EXERCISE PROMPT:
Taking the line that contains "And then you" as the start and the last line of the data as the end, repeat exactly every line in that span, but no pictures.

PROVIDED DATA:
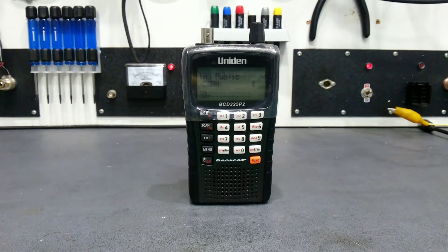This is a video on how to reset a Uniden scanner. It works with a range of scanners, which will be listed on the YouTube site. This one is a BCD325P2.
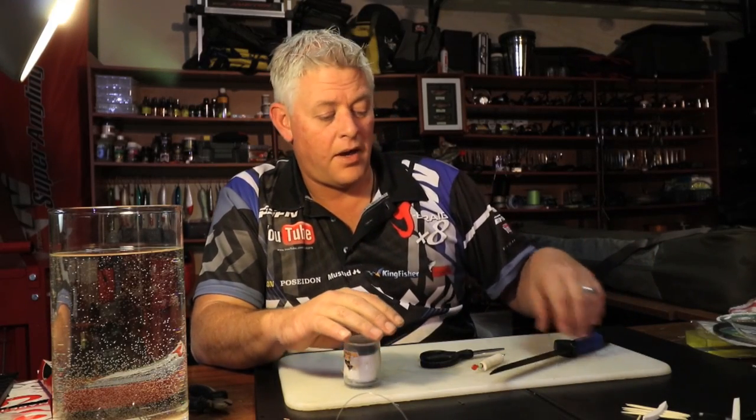Hi guys and welcome to this week's bait demo on ASFN. We thank you guys for watching the channel and subscribing — that just helps us bring you more information and more content on a weekly basis.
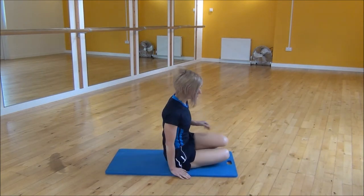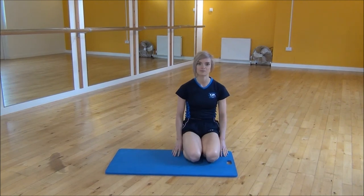And then you can relax down and that's the low reverse plank.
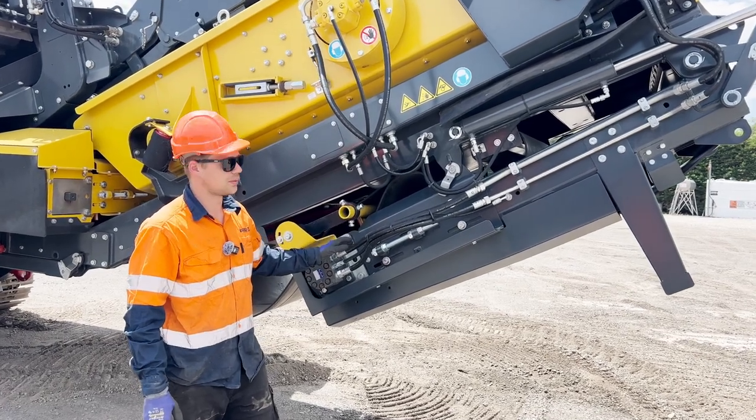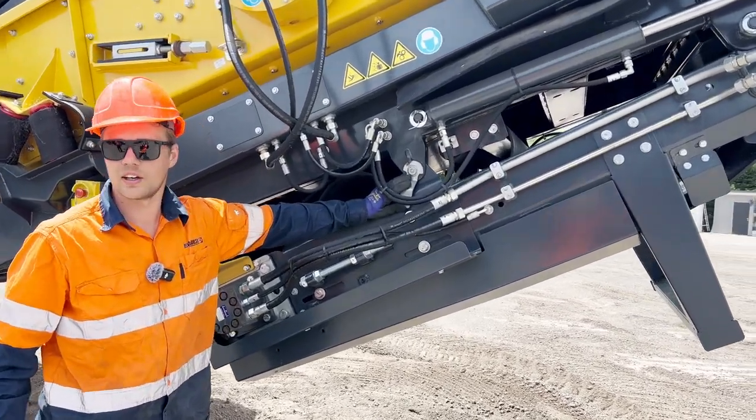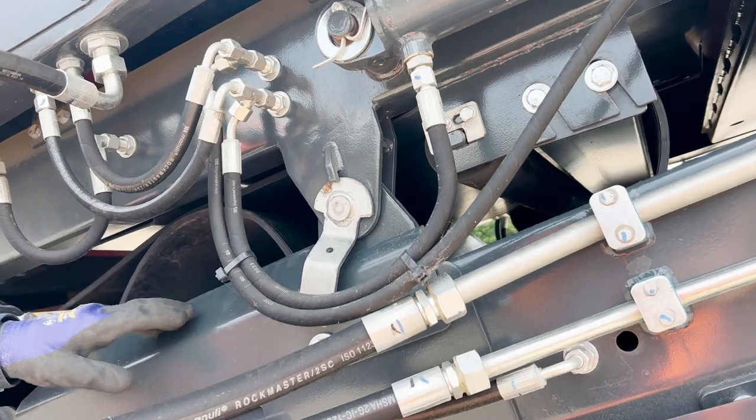Next we need to unfold the FCO, which has two safety pins located here and on the other side, which we'll need to remove so we can unfold it.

SOLVED EXERCISE:
And then you can relax down and that's the low reverse plank.
Next we need to unfold the FCO, which has two safety pins located here and on the other side, which we'll need to remove so we can unfold it.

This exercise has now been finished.